= List of Eagle (1982 comic) stories =

A list of stories published in the IPC/Fleetway Publications boys' comic Eagle between 1982 and 1994.

==The Adventures of Fred==
Published: occasional between 3 April to 25 December 1982
Writer: Barrie Tomlinson

- Humour photo strip.

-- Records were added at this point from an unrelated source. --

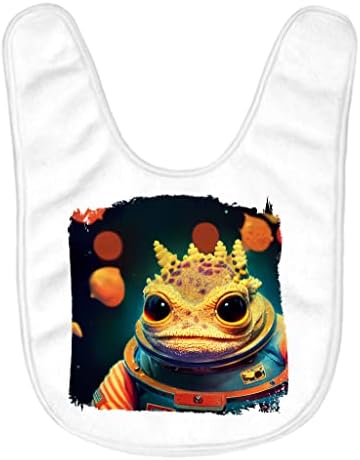 Бебешки Лигавници Space Frog - Лигавници За Хранене на деца-Астронавти - Сладък Лигавници за хранене
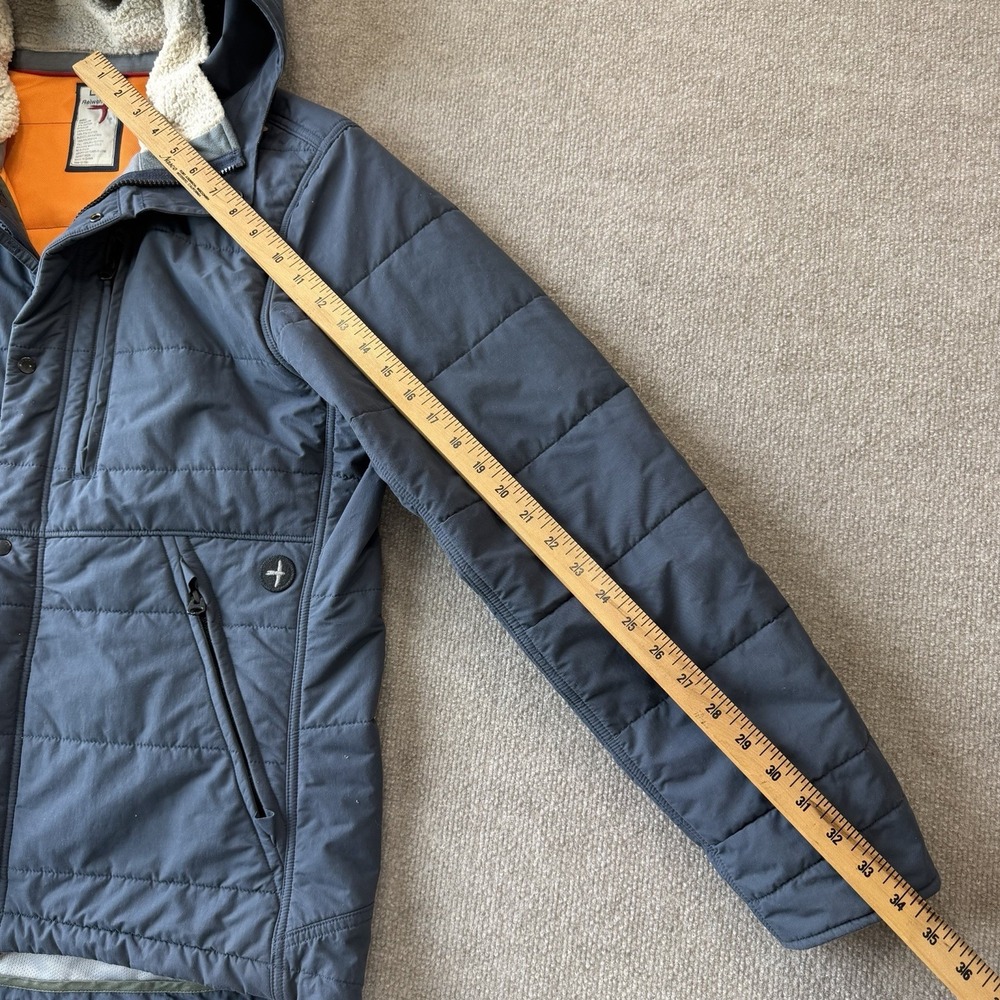Relwen Channel Boarder Jacket Medium Navy Blue Huckberry Insulated Snow Coat L - Picture 5 of 11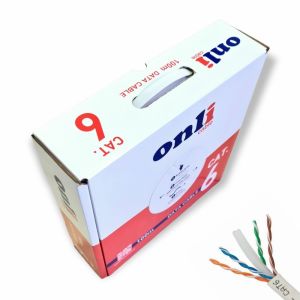 Onli 23AWG UTP CAT6 Network Kablosu Gri 100Mt Yerli Üretim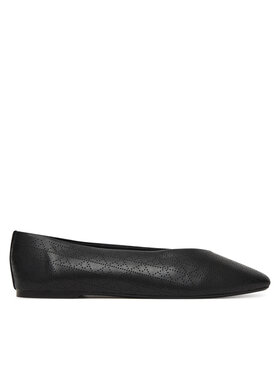 Calvin Klein Calvin Klein Baleríny Square Ballerina Aop Lth HW0HW02936 Čierna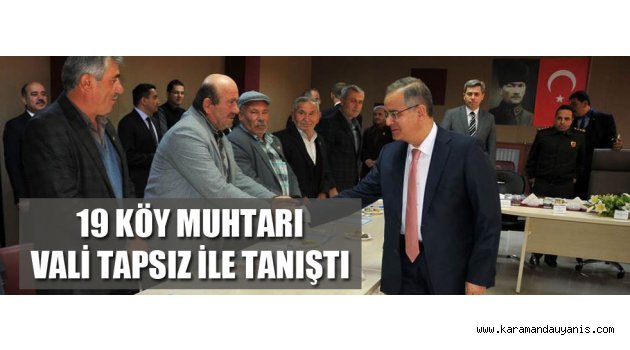 MUHTARLAR TOPLANTISI
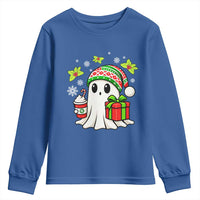 Ghost Santa Christmas Youth Sweatshirt Holiday Xmas Halloween - Wonder Print Shop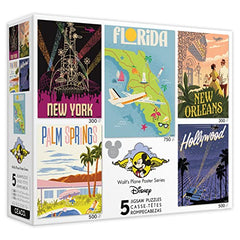 Ceaco Walt's Plane Posters 300-piece puzzle closeup shows vibrant colors for focused solving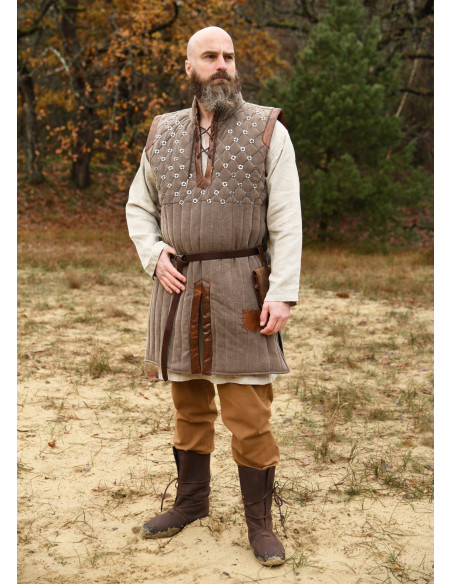 Medieval sleeveless decorated...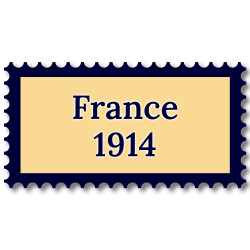France 1914 année complète de timbres neufs**.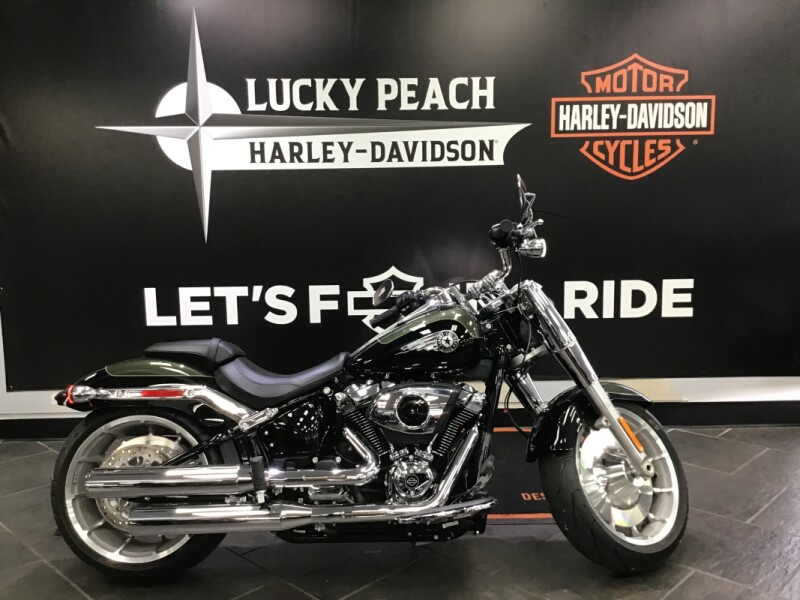 2026 Harley-Davidson® Fat Boy® Olive Steel Metallic / Vivid Black Chrome Trim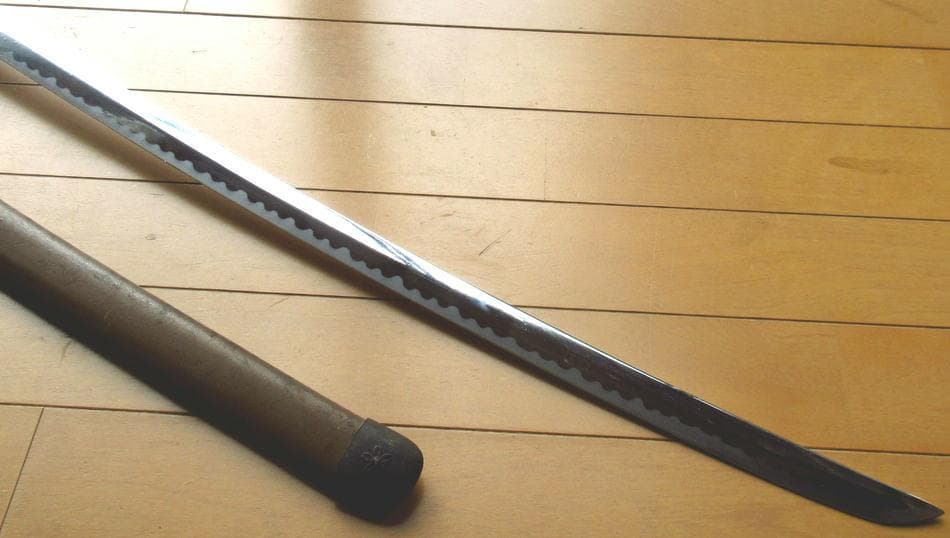 日本軍 陸軍将校用 三式 軍刀 拵え 模造刀付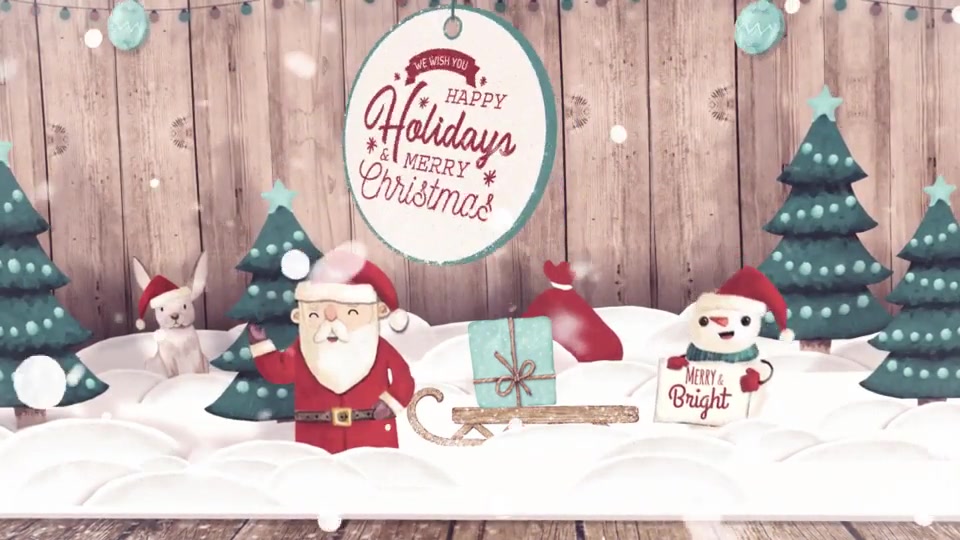 Christmas Pop Up Card Videohive 34776247 After Effects Image 12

Reputedly discontinued at the request of IPC management.

==The Amstor Computer==
Published: 24 September 1983 to 7 June 1986
Writers: Barrie Tomlinson, Alan Hebden, Chris Lowder, Ian Rimmer, James Nicholas, A. Stone, J. Louiss, C. Potter, Roy Preston, Brian Burrell, N. Allen, J. Trevelyan, Ian Mennell, Fred Baker, R. Davies, Ken Armstrong, John Richardson
Artist: José Ortiz, John Cooper, Cam Kennedy, Jesus Redondo, Mike Dorey, Ron Turner, John Stokes, Nevio Zeccara, Alberto Giolitti, Ian Kennedy, John Vernon, Mario Capaldi, John Richardson, Dave D'Antiques
Inputting codes into the powerful Amstor Computer generates stories.
- Anthology strip; occasionally returned between 1987 and 1990 as a reprint, sometimes using modified "Tharg's Future Shocks" from 2000 AD.

==Ant Wars==
Published: 17 May to 23 August 1986
Writer: Gerry Finley-Day
Artists: Jose Ferrer, Eduardo Lozano, Alfonso Azpiri, Jesus Peña
Humanity comes under attack from enormously mutated South American ants.
- Reprinted from 2000 AD.

==Avenger==
Published: 7 March to 29 August 1987
Writers: John Wagner and Alan Grant (as W. Steele)
Artist: Mike Western
Paul Cannon is a science teacher by day and vigilante by night.

==Beast!==
Published: 8 September to 22 December 1990
Writer: Tom Tully
Artist: Eric Bradbury
A strange creature prowls a fairground.

==Billy's Boots==

Published: 6 April 1985 to 10 May 1986.
Writer: Fred Baker
Artist: John Gillatt
After discovering the ancient boots of former footballer Charles 'Dead Shot' Keen, young Billy Dane finds himself playing with the skill of the late England International.
- Continued from Tiger; continued in Roy of the Rovers.

==Bloodfang==

Published: 9 June 1984 to 30 March 1985
Writers: John Wagner and Alan Grant (as F. Martin Candor)
Artist/s: Jim Baikie, Carlos Cruz-Diez, Vanyo
The life of a Tyrannosaur, later captured by time-travelling bounty hunters and shipped to a zoo in the 22nd century.
- The initial storyline was later reprinted in The Best of Eagle Monthly #6, dated October 1988. The story was translated into French by Aventures & Voyages, renamed "Croc-Rouge" and printed in the anthology Akim in 1988.

==The Brothers==
Published: 18 February to 1 September 1984
Writers: Scott Goodall, Gerry Finley-Day
Artists: Vanyo
Peter Trent's twin brother Bob is regressed to a primitive mindset by an industrial accident as the pair try to locate their family.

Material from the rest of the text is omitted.